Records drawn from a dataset
···

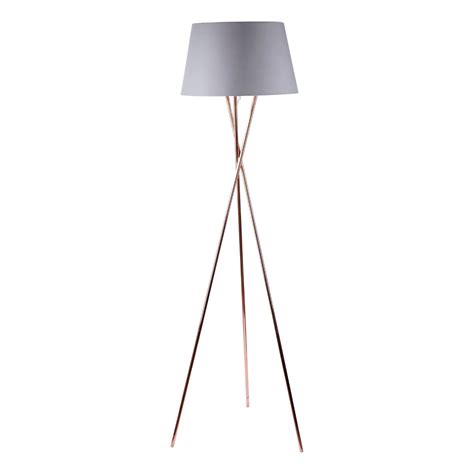 Pair Copper Tripod Floor Lamp With Grey Fabric Shade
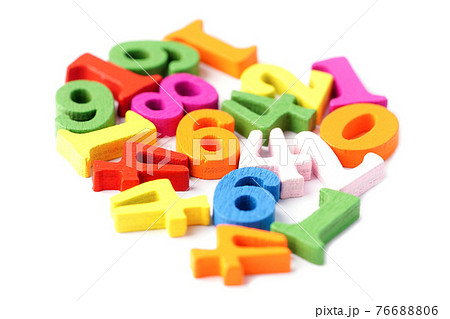 Math Number colorful on white background 76688806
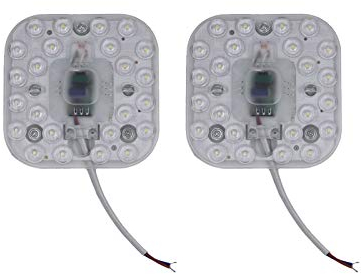 ZFQ 2er Pack LED Nachrüst Umrüst Modul mit Magnethalter, 12W, 6500K Kaltweiß, 110mm × 110mm, 1000 Lumen, AC 165-265V, anschlussfertig für Deckenleuchte Ringlampe Rundlampe Röhrenlampe, Nicht Dimmbar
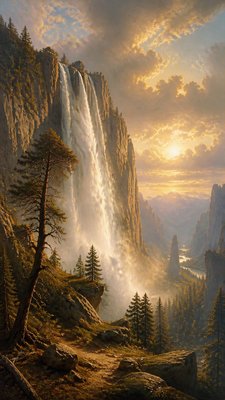 towering waterfall cascading down a cliff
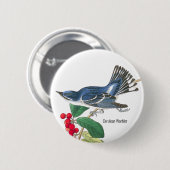 Cerulean Warbler von Audubon, Vogelbeobachter Fash Button (Vorne & Hinten)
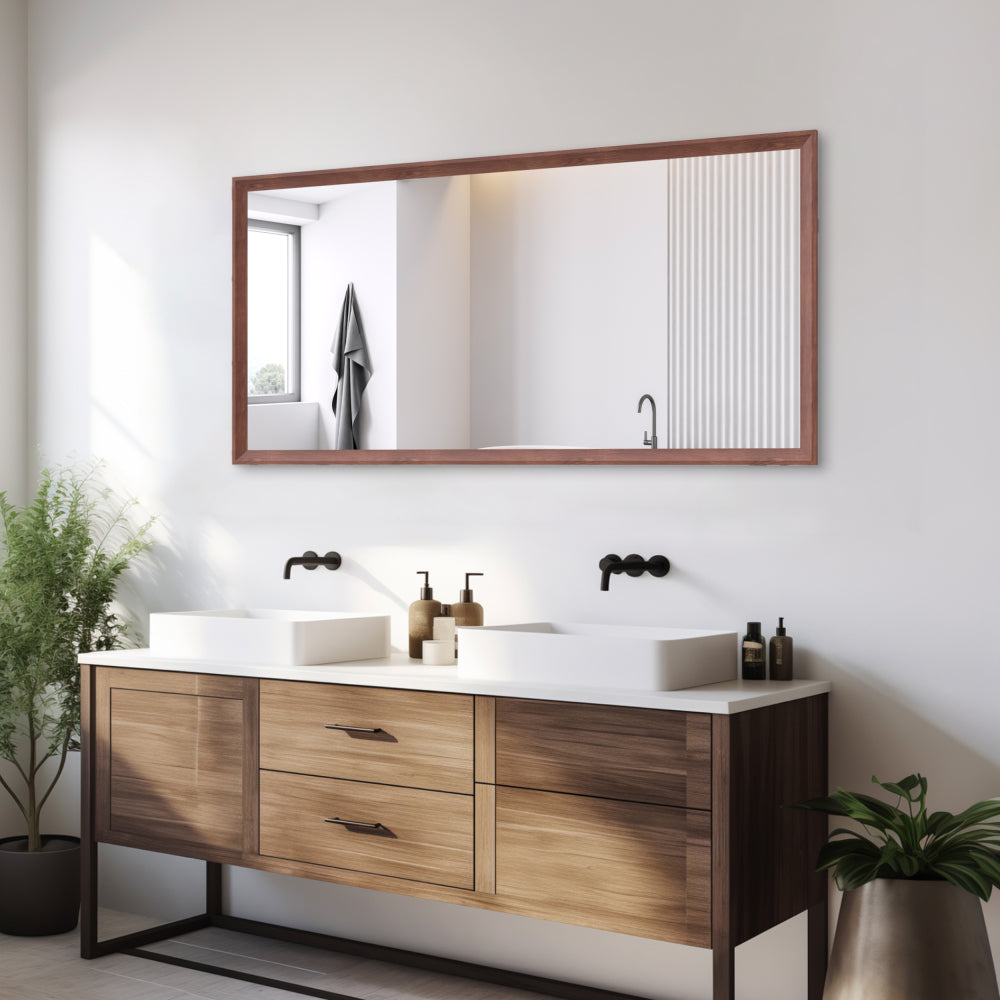 36x24 inches Modern Black Bathroom Mirror with Aluminum Frame Vertical or Horizontal Hanging Decorative Wall Mirrors for Living Room Bedroom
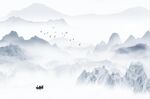 简约山水背景墙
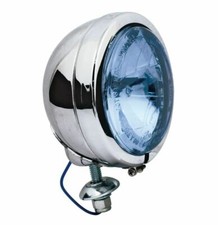 FARO SUPPLEMENTARE CROMATO OMOLOGATO VETRO AZZURRATO MOTO CUSTOM HARLEY DAVIDSON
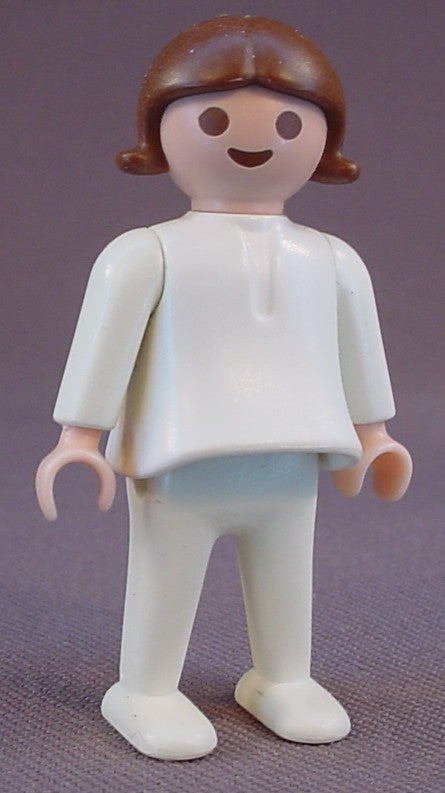 Playmobil Female Girl Child Classic Style Figure With An All White Outfit, Smooth Brown Hair, 3211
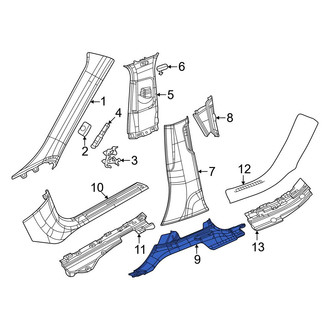 Jeep OE - Left Upper Door Pillar Post Trim Set
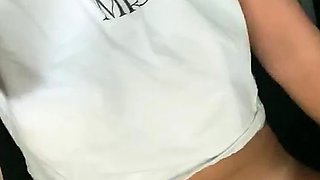 Glamour babe with big boobs masturbates in lingerie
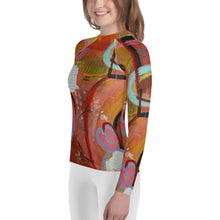 Load image into Gallery viewer, Circle in the Sand Girls Rash Guard Whimsy Fit UPF 50+ Long Sleeve Swim Shirt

···

* What to work on
Copy nothing but the lines from the start of the entries through the line with "ZFQ 2er Pack". Write them out exactly, without pictures.

* Solution for this task
 Pair Copper Tripod Floor Lamp With Grey Fabric Shade
 Math Number colorful on white background 76688806
 ZFQ 2er Pack LED Nachrüst Umrüst Modul mit Magnethalter, 12W, 6500K Kaltweiß, 110mm × 110mm, 1000 Lumen, AC 165-265V, anschlussfertig für Deckenleuchte Ringlampe Rundlampe Röhrenlampe, Nicht Dimmbar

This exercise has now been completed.